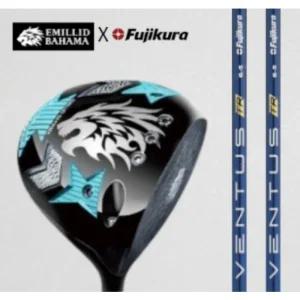 에밀리드바하마 CV9 리미티드 에디션 고반발 헤드 후지쿠라 벤투스 벨로코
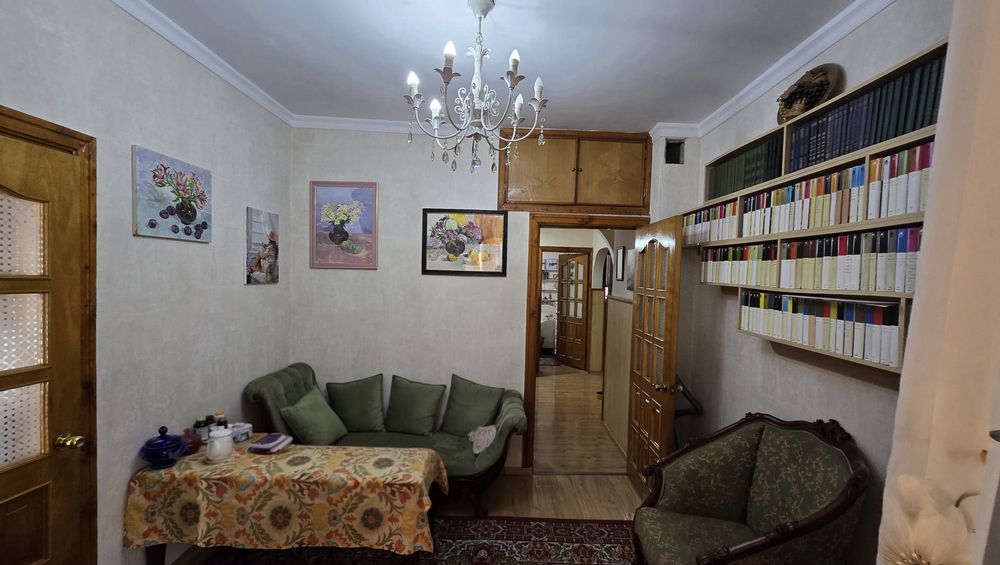Продаётся 3/5/9 95м2 улица Нукусская ор-р ЖК Parkwood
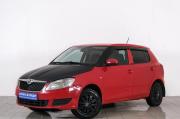 Skoda Fabia II Рестайлинг Красноярск  - изображение 28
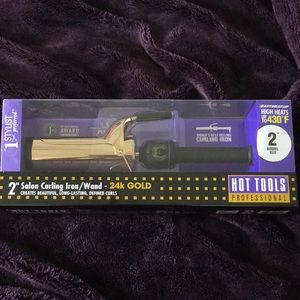 Hot Tools Curling Iron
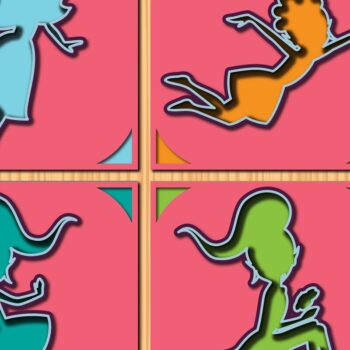 Intra απο ξύλο plywood 3mm-4mm πάχος - Cricut Paper Cut Fairy Card Bundle Δίασταση 20x20 cm INTRAFABR-35113044 - Image 1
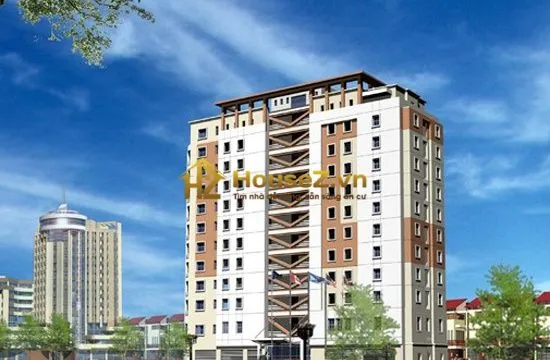 Cao ốc văn phòng 16 Liễu Giai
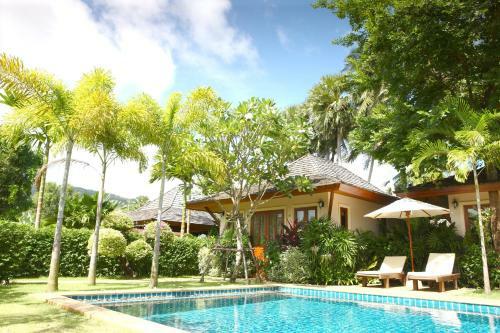 Hotel Pai Tan Villas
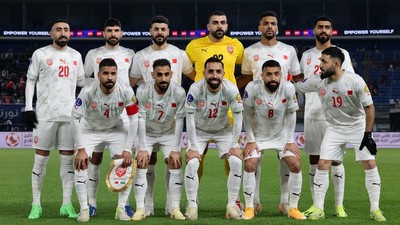 Irak Bocorkan Kekuatan Bahrain, Bisa Bantu STY di Timnas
------------------------------------------------------------
### Task to carry out
Return the full listing exactly as it appears above, without its pictures.

### Task solution
 에밀리드바하마 CV9 리미티드 에디션 고반발 헤드 후지쿠라 벤투스 벨로코
Продаётся 3/5/9 95м2 улица Нукусская ор-р ЖК Parkwood
 Skoda Fabia II Рестайлинг Красноярск  - изображение 28
 Hot Tools Curling Iron
 Intra απο ξύλο plywood 3mm-4mm πάχος - Cricut Paper Cut Fairy Card Bundle Δίασταση 20x20 cm INTRAFABR-35113044 - Image 1
 Cao ốc văn phòng 16 Liễu Giai
 Hotel Pai Tan Villas
 Irak Bocorkan Kekuatan Bahrain, Bisa Bantu STY di Timnas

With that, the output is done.